Store It, And They Will Come
Optex's 'Sexy' Mass Storage Is Headed for the Big Time
Optex Communications Corp. has a big memory and even bigger plans.
The Rockville, Md-based development company has run the federal technology gamut from Small Business Innovative Research grants to cooperative research and development agreements to Advanced Technology Program awards. Now it's looking to commercialize its unique ultra-high density optical disk.
"We've got some technology that's very sexy," said Optex Senior Vice President Tony Clifford. Naturally, numerous mass storage players are baying at his door. However, company management isn't playing easy-to- get.
At stake is a patented technology called electron-trapping optical memory, or ETOM, which allows four bits of digital information to be stored in a single location on an optical disk. That translates to a whopping 15 gigabytes of memory on a 5.25 disk with transfer rates of 120 megabits (or 7,500 text pages) per second. The media is read by low-power lasers and is re-writable.
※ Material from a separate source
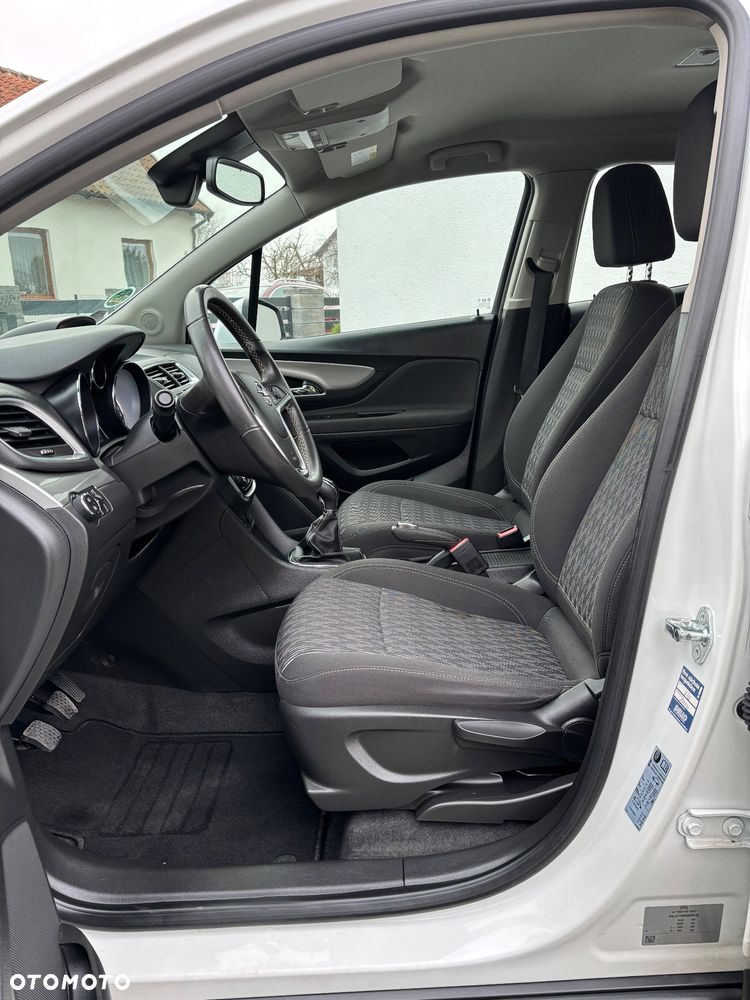 Opel Mokka 1.4 Turbo ecoFLEX Start/Stop Edition - 5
Optex raised $6 million in a private stock offering last December and is planning an initial public offering this fall. Stockholders won't be hard to find, as widespread trade press publicity has given the company a high profile. Last year's offering was oversubscribed, and Optex appears to hold one of the few keys to the memory-intensive information superhighway.
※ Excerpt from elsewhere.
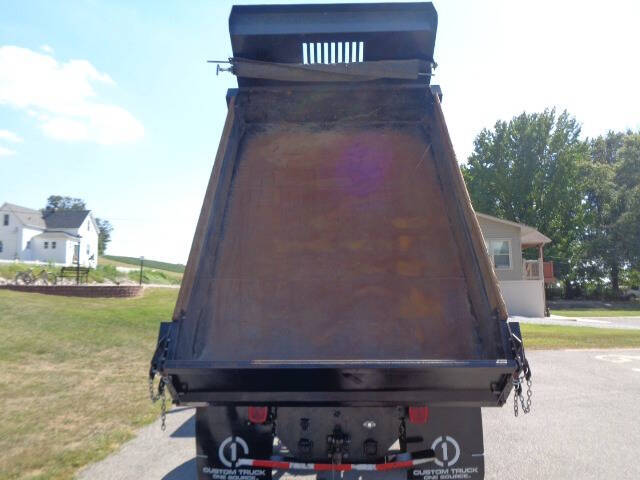 2023 Chevrolet Silverado 6500HD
So far, there have been plenty of buy-out offers for the 23-employee company, but Clifford says Optex isn't looking to be passively owned, at least not cheaply.
"We were not interested in doing that at the kinds of valuations we were getting last summer," he said. Thanks to a $1.4 million Advanced Technology Program grant awarded in December, Optex has the funds to prototype its first disk storage unit. The company expects to have a commercial video-server on the market by the end of 1995.
The new device will be targeted to regional Bell operating companies who are on the lookout for efficient mass-storage units for video transmission to the home. Optex also has plans to market a consumer video disk player called Playser, but right now the company has no money for prototyping.
Rather, resources are being spent to perfect the manufacturing of the optical disk thin-film which has proven tricky. Under a cooperative research and development agreement with the National Institute of Standards and Technology, Optex is using atomic-force micrography to analyze newly-made disks. The company plans to manufacture the media in-house, and contract out the hard drives.